Regarding the increased attention and funding the EPA has proposed for underserved communities poisoned with lead pipes, Pinkney was encouraged by the developments at the federal level and said that is why he reached out beyond the state for help. Even with Whitmer’s announcement to boost funding, he is still skeptical she can deliver.


“We didn’t want to file a petition, but (the state) left us no choice because they were not moving in the right direction,” said Pinkney. “But we still have to wait to see if Whitmer is going to do what she said she would do in that announcement. She still has to go through the state Republican legislature, and I don’t believe for one second they will give her this victory.”


In a response statement released to Downtown Newsmagazine by EGLE, spokesperson Hugh McDiarmid Jr. said that EGLE has been working diligently with the city of Benton Harbor to reduce lead in their drinking water in compliance with the Safe Drinking Water Act, while the Michigan Department of Health and Human Services works with the residents and local health department to minimize any potential health impacts while the water infrastructure needs of the city are addressed.


EGLE said Benton Harbor, with the agency’s supervision in March 2019, installed corrosion control treatment technology at its water plant to reduce the amount of corrosivity in the water. EGLE also helped Benton Harbor secure $5.6 million in EPA funding for lead service line replacement and a corrosion control study, which is currently underway to improve the effectiveness of the corrosion control program.
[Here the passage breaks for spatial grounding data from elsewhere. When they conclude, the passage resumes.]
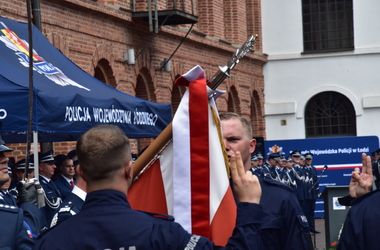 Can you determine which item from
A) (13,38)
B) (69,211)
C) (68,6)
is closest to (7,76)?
(13,38)

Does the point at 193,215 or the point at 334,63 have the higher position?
the point at 334,63

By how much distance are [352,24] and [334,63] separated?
5.74ft

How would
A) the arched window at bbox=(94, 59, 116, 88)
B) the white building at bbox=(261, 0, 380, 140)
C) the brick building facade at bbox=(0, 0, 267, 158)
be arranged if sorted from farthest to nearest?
the white building at bbox=(261, 0, 380, 140) < the arched window at bbox=(94, 59, 116, 88) < the brick building facade at bbox=(0, 0, 267, 158)

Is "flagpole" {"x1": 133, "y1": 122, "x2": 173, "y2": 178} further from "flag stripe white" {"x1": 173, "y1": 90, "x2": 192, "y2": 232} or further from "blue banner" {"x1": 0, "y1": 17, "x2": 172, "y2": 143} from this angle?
"blue banner" {"x1": 0, "y1": 17, "x2": 172, "y2": 143}

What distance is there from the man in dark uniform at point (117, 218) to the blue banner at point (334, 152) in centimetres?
1903

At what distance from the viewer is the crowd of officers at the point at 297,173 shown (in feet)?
65.6

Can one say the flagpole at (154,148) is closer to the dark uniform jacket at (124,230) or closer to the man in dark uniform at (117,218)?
the man in dark uniform at (117,218)

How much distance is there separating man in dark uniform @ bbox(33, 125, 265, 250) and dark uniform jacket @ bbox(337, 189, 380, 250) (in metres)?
0.61

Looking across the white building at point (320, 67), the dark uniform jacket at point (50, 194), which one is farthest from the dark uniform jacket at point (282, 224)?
the white building at point (320, 67)

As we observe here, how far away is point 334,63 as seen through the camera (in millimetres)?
28688

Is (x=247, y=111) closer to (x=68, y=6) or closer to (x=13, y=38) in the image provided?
(x=68, y=6)

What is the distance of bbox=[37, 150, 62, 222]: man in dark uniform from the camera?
866 centimetres

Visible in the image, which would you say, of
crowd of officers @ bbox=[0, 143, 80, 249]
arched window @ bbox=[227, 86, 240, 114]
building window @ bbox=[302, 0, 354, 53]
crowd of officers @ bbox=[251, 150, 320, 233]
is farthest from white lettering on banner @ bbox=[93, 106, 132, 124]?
building window @ bbox=[302, 0, 354, 53]

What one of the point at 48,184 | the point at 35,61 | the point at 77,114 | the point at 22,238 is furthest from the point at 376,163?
the point at 22,238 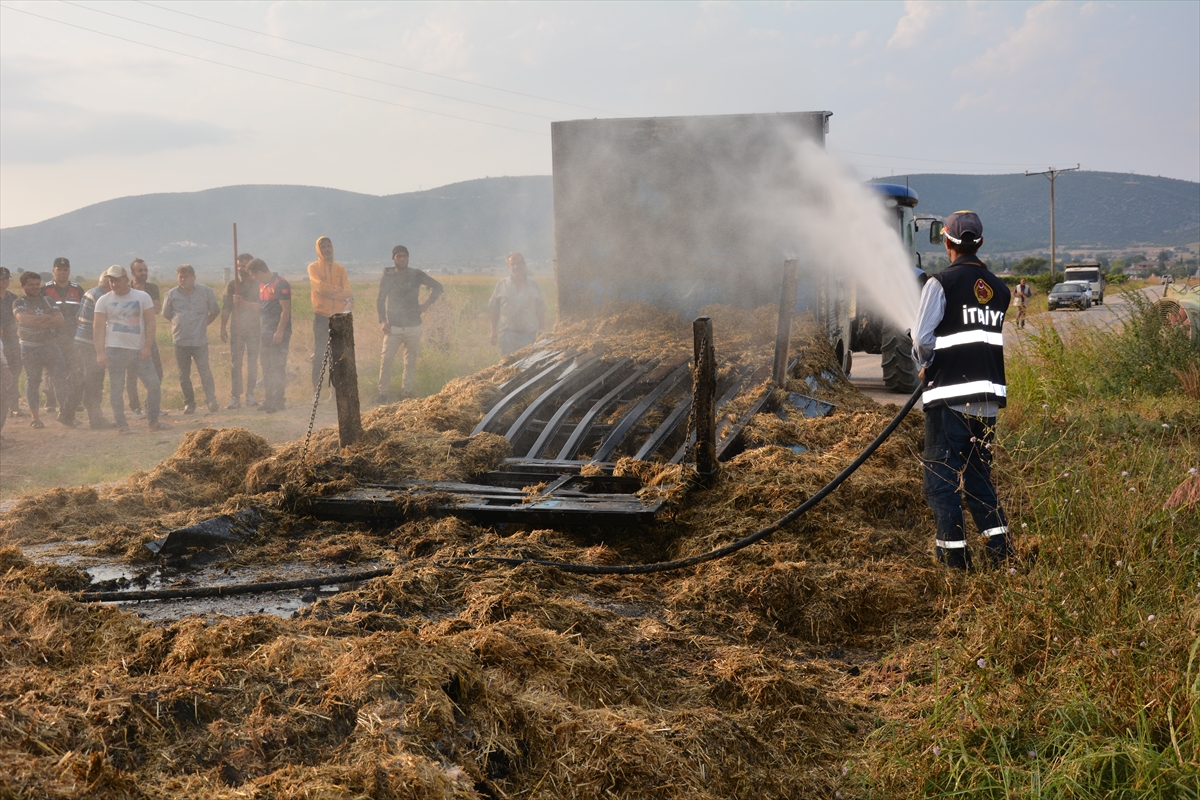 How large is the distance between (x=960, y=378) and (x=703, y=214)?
548 centimetres

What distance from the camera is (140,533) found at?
5145 millimetres

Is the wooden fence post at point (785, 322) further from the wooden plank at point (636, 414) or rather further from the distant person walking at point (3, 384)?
the distant person walking at point (3, 384)

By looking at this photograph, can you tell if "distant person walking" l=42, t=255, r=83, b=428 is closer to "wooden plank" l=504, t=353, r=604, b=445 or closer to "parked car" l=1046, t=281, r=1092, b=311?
"wooden plank" l=504, t=353, r=604, b=445

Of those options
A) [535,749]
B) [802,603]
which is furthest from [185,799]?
[802,603]

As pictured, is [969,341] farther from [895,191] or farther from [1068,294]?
[1068,294]

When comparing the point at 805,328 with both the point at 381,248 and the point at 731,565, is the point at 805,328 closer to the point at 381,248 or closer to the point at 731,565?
the point at 731,565

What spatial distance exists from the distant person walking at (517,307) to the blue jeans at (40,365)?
5.51 metres

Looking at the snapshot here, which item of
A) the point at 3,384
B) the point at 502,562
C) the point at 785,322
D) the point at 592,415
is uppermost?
the point at 785,322

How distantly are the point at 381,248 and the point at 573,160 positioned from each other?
189433mm

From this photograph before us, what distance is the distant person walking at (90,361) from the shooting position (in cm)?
1128

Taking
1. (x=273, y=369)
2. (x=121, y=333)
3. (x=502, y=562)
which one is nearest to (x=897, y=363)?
(x=273, y=369)

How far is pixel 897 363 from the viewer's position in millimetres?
12070

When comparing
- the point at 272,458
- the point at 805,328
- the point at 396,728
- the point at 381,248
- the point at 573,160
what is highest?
the point at 381,248

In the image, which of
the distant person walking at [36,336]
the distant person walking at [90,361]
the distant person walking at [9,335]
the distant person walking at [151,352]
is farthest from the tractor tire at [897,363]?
the distant person walking at [9,335] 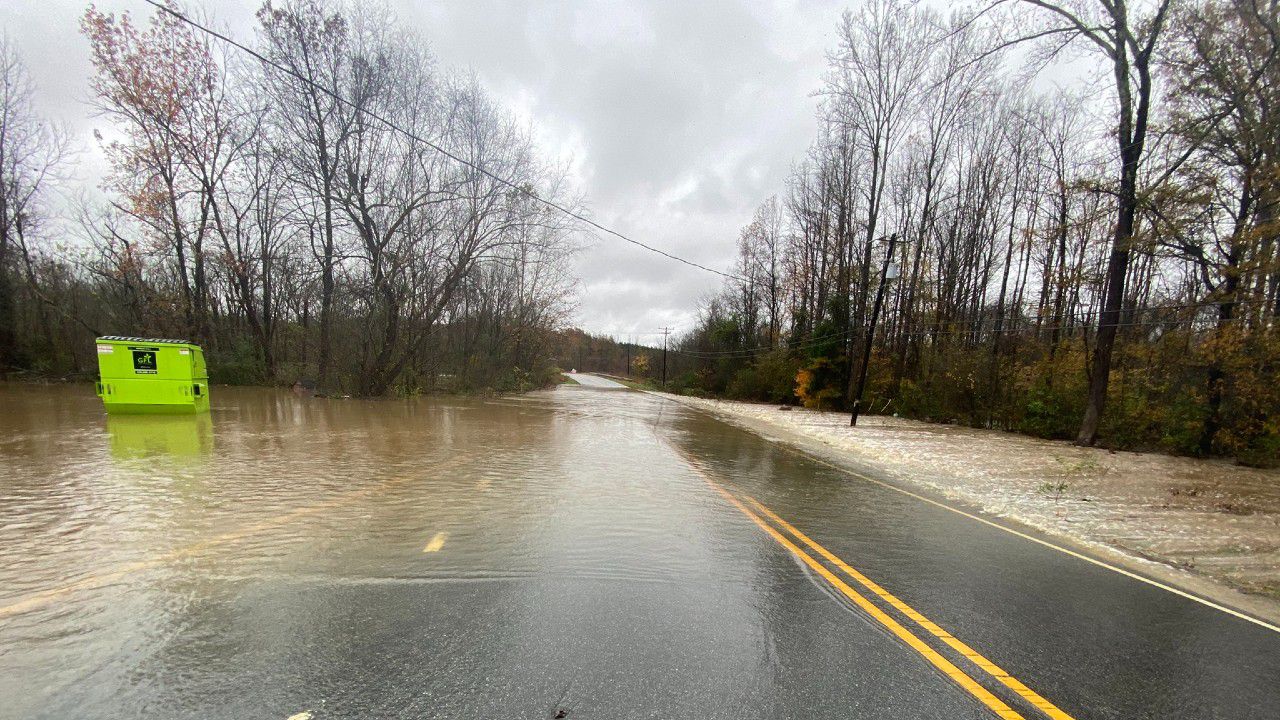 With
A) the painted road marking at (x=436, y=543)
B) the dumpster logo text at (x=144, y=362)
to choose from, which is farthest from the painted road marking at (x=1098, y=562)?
the dumpster logo text at (x=144, y=362)

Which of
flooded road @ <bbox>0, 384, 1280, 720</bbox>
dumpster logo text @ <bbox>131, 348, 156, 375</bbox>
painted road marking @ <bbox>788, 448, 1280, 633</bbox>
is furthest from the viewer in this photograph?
dumpster logo text @ <bbox>131, 348, 156, 375</bbox>

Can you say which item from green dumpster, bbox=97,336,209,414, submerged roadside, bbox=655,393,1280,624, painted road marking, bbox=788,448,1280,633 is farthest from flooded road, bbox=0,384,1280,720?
green dumpster, bbox=97,336,209,414

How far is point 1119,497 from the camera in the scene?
8.94 meters

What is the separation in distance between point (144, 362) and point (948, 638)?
17.4 metres

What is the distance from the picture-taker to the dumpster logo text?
42.5 ft

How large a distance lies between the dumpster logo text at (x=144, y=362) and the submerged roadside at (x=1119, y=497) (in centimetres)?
1684

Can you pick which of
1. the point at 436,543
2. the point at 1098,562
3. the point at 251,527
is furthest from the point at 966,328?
the point at 251,527

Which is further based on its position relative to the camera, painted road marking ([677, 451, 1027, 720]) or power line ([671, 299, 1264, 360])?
power line ([671, 299, 1264, 360])

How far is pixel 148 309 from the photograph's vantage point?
2633 cm

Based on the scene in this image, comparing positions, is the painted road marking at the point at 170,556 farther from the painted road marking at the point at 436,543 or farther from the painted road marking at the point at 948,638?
the painted road marking at the point at 948,638

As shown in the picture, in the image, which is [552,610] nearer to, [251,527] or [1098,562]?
[251,527]

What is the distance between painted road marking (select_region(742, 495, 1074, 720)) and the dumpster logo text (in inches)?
628

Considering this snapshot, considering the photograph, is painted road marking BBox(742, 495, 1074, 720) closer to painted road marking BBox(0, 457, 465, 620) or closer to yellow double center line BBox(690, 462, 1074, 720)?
yellow double center line BBox(690, 462, 1074, 720)

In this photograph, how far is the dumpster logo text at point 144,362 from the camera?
12969 mm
Benton Harbor has also begun the process of replacing an estimated 6,000 service lines – many of which are suspected to be lead – still in service.


By September 12, Strong was on her way to meet with Pinkney and other Benton Harbor residents to assess the immediate needs for bottled water distribution and assistance with water filter installations.


“Rev. Pinkney is a fierce advocate for his community,” Strong said in an interview on the road back between Benton Harbor and Lansing. “I understand the sense of urgency he has for the people he represents. I have had many conversations with Rev. Pinkney about building that sense of urgency internally (within state agencies). I think the governor’s announcement in terms of the investment is all part of that internal working to try to make sure that we help as quickly as possible to correct the lead service line issues in Benton Harbor. But it will still take five years, and in the meantime, we need to address the fact that people will need bottled water and education in installing those water filters.


“And for right now, that’s where we are.”